Caffeine isn’t a serviceable substitute for cocaine, but it’s the only thing I have to distract me while I wait for my mom outside the restaurant. Javi has staged a mutiny among the rest of the squad as revenge for my part in getting him detention, so none of them are responding to my texts. Ben and Jamie are in class, Travis is working, Stohler is probably still sleeping. I’m terrified that my still trembling hands will end up dialing Dave Walczyk’s number so I can scream at him again if I let myself hold my phone for too long. I buy myself a fourth coffee instead and clutch it so desperately that I’m afraid I’ll crumple the paper cup. When Mom finally rolls up in a cab, I quickly drop the cup in the nearest trash can and wipe my coffee-splattered hands against my jeans.
“How are you?” are the first words out of her mouth. She reaches for my shoulder, then seems to think better of it and settles for brushing her fingers against the sleeve of my leather jacket. “Are you still in a lot of pain?”
“I’m doing a lot better than I was when I woke up. Your doc has magic hands,” I say. “I don’t know what his relationship status is, but if he’s single, you should lock that down. Make him my new step-dad.”
She grimaces. “It is my sincerest wish that any stepfathers, stepbrothers, or other step-relatives you might have in the future will keep their magic hands very far away from you. But I’m glad that Dr. Elkins was able to help you.”

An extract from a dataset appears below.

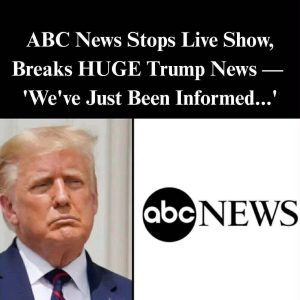 ABC Anchor Admits Truth As Trump’s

The topic of the car accident carries us through being seated, ordering, splitting an appetizer, and into the main dish. Mom goes off about hit-and-run drivers, the piss-poor safety features in classic cars, and the questionable attitude of the insurance agent she spoke to this morning; I nod along and drink my fifth cup of coffee and think, I should’ve learned not to piss him off. A car for a car isn’t really that unfair.
We make it almost all the way through the meal before it finally comes out—the real reason she wanted to see me today. “Last night, I was reading through my schedule for the week, and I saw a note I’d made about your college responses.”
Fuck. The college talk. If I head for the door right now, I wonder if I could make it to the subway station before she caught up to me. Dr. Elkins told me that I won’t be up for physical activity for the rest of the week, but Mom’s wearing four-inch heels. I won’t even have to move that fast to evade her.
“Some of the schools that accepted you have a May first deadline for your response,” she continues. When I don’t reply, she raises her eyebrows. “That’s tomorrow, Garen. In case you weren’t aware.”
“I’m aware,” I say.
“And?” she prompts.
“And what?” I shrug. “You’re supposed to pick the school you want to go to, go online, and fill out the form that says you’re going. If you’re not picking a school, you don’t have to do shit. And I’m not actually going to college, so I don’t have to fill out any forms. I just have to… not show up. They’ll get the message.”
My mom takes an insane amount of pride in being one of the few Uptown New Yorkers without a face full of Botox, but if she could see the baffled creases forming in her forehead right now, she might reconsider the effectiveness of her choice. “What are you talking about? Of course you’re going to college. You applied, you auditioned for all these various music programs. Four different schools accepted you, and now all you have to do is pick which one we’re sending the check to. Your father mentioned that he thought you were leaning toward NYU, but if you don’t—”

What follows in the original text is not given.